In August, California's pension fund took a
similar gamble by investing $463 million in shopping centers across 17
states and the District of Columbia, though many experts forecast a
prolonged slump in commercial real estate.

 

Even if these strategies succeed, the shortfall may still be insurmountable.

 

In
Ohio, for instance, the teachers pension system reported that it would
take 41 years for its investments to catch up with the costs of meeting
its obligations to retirees. That was before the worst of the financial
crisis.

 

During the last fiscal year, Ohio's fund lost 31
percent. Its most recent annual report detailed how long it would now
take for its investments to put the fund back on track. Officials
simply said: "Infinity."

The global pension crisis is a major concern. The uptrend in equities in Q3 boosted pension returns in Canada and elsewhere, but this will do little to address long-term concerns on the sustainability of pensions.

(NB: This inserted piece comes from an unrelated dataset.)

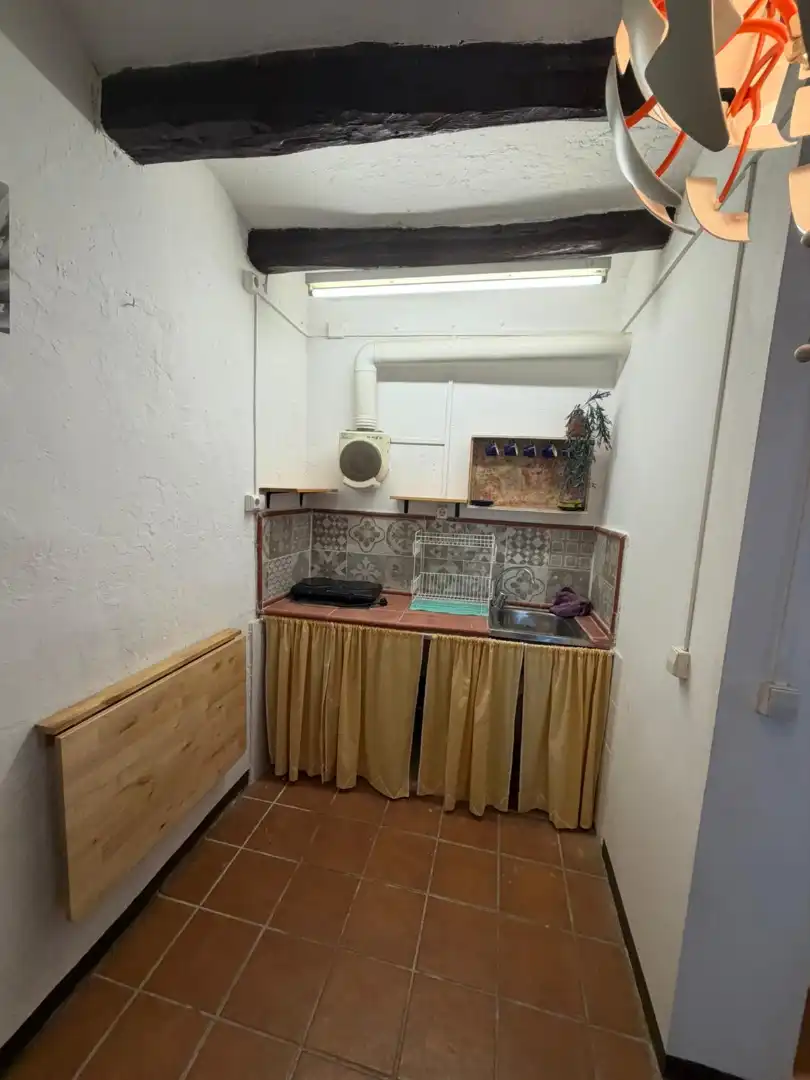 Cuina de Apartament en venda en Bellmunt del Priorat amb Moblat, Microones i TV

Finally, many of you saw CNBC's recent interview with famous hedge fund
manager Julian Robertson (see video below). Among his gloomy
predictions, he sees U.S. interest rates soaring to 15%-20% if China
and Japan stop buying U.S. bonds.

An astute bond trader shared a few comments with me:

1) The Fed is already looking to remove some excess liquidity via the repo markets (cost of repo borrowing will go up);

2)
Flush with cash, banks continue to make a killing in their trading
operations. They're unwinding their long 2-year positions and moving
down the curve for extra yield. He thinks it's a great time to put on a
curve-flatner, not steepner.

3) As for interests rates hitting
15% to 20%: "It will never happen. Pensions will lock in rates at their
actuarial liabilities of 6.5% or 7% in a blink of an eye."

I
agree. In the near term, the Fed does not need to raise rates to remove
excess liquidity. All they have to do is raise the cost of repo
borrowing. Banks will roll over into longer dated bonds and the curve will
flatten, not steepen. And Mr. Robertson needs a course in
liability-driven investments (LDI). He has no idea how many pension
funds are looking to lock in rates at half the rates he's
predicting. That will pretty much cap the upper end of the bond market
for a very long time.

I wish all Canadians a Happy Thanksgiving and all Americans a Happy Columbus day.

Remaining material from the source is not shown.